The Alma court denied the defendant’s motion to dismiss, finding that
[w]hile the fax does not indicate an intent to market products or
services, the complaint alleges that the seminar is a part of Alma’s
‘work or operations to market [Alma]’s goods or services.’
Accepting PHI’s well-pleaded allegations as true and drawing all
inferences in PHI’s favor, it is plausible that Alma promoted its
products and services by holding a free seminar. That is enough to
state a claim under the TCPA.”
Id. at *2. The court in Alma distinguished other cases cited by the plaintiff on the basis that the
plaintiff alleged “that Alma used free seminars like the one advertised here to market its goods.”
Id.
This Court agrees with the decision in Alma.
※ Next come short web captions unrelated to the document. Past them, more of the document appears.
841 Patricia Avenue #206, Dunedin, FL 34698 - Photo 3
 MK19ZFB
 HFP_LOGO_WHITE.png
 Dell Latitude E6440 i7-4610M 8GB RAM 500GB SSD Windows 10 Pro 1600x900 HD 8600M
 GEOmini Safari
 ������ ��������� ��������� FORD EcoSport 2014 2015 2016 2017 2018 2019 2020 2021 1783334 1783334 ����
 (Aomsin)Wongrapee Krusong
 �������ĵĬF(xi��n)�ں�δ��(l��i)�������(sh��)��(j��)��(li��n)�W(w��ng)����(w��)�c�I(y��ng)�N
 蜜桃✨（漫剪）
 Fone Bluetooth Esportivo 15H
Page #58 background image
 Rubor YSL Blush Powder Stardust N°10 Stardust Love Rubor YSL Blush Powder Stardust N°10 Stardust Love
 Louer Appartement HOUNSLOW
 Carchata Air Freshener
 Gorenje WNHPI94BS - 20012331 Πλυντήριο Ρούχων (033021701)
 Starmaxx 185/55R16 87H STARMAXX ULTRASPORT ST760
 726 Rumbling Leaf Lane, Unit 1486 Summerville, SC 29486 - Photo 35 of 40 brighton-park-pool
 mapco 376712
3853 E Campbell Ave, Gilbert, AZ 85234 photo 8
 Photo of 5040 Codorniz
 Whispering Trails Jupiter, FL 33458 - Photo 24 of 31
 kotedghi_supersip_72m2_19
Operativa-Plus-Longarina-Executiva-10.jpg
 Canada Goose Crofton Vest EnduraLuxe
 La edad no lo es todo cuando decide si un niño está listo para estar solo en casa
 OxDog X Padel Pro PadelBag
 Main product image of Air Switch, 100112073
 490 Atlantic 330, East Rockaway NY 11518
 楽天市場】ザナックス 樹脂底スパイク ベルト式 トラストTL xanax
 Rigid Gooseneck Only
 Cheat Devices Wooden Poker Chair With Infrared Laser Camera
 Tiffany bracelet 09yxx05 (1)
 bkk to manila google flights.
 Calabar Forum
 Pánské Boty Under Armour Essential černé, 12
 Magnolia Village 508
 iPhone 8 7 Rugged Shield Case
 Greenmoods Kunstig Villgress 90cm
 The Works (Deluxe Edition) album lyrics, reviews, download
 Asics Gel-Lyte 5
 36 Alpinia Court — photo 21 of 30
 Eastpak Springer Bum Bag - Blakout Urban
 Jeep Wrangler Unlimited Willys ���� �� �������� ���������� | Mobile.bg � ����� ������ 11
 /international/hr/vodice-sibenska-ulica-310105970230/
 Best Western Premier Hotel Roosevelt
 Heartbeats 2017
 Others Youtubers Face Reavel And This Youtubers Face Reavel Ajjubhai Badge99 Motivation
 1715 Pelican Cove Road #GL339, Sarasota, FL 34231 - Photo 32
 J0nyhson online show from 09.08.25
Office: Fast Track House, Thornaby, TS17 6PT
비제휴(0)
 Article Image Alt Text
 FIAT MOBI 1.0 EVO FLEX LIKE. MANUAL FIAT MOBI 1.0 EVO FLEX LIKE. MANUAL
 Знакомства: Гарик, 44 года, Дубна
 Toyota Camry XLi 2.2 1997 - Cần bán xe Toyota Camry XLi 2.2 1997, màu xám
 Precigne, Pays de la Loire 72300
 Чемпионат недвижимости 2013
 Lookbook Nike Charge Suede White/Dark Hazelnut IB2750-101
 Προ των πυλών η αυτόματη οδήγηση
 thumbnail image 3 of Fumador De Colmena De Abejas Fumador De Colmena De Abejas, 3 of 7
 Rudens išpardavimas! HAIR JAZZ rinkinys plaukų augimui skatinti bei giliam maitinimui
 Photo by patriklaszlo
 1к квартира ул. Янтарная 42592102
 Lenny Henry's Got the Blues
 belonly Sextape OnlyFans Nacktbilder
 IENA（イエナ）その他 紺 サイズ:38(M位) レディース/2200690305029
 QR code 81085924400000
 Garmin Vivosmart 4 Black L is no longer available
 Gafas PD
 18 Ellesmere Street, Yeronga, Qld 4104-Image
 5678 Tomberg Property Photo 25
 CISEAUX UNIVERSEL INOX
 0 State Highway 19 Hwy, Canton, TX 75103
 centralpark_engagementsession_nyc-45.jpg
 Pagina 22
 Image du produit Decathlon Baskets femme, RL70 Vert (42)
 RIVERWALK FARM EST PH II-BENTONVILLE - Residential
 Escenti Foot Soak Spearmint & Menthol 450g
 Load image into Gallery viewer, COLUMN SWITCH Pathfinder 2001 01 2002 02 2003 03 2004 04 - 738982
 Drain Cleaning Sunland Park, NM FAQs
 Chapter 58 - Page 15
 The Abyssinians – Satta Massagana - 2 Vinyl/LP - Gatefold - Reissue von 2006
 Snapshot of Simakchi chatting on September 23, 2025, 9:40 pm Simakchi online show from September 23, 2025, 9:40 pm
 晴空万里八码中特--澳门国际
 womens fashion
As in Alma — unlike Phillips Randolph —
while the free seminar topics listed on the fax do not mention explicitly any of Defendant’s
commercially available products or services or express an intent by Defendant to market its
products or services, Plaintiff alleges that Defendant “uses the fax advertisements and the
seminars as part of its work or operations to market its goods and services.” (Compl. ¶ 13.)
Additionally, as in Alma, here, the recipients are directed to Defendant’s corporate website to
register for the seminar. The fax in this case entails a step even further than Alma because
registration for Defendant’s seminar requires the recipient to “agree that the Merck & Co., Inc.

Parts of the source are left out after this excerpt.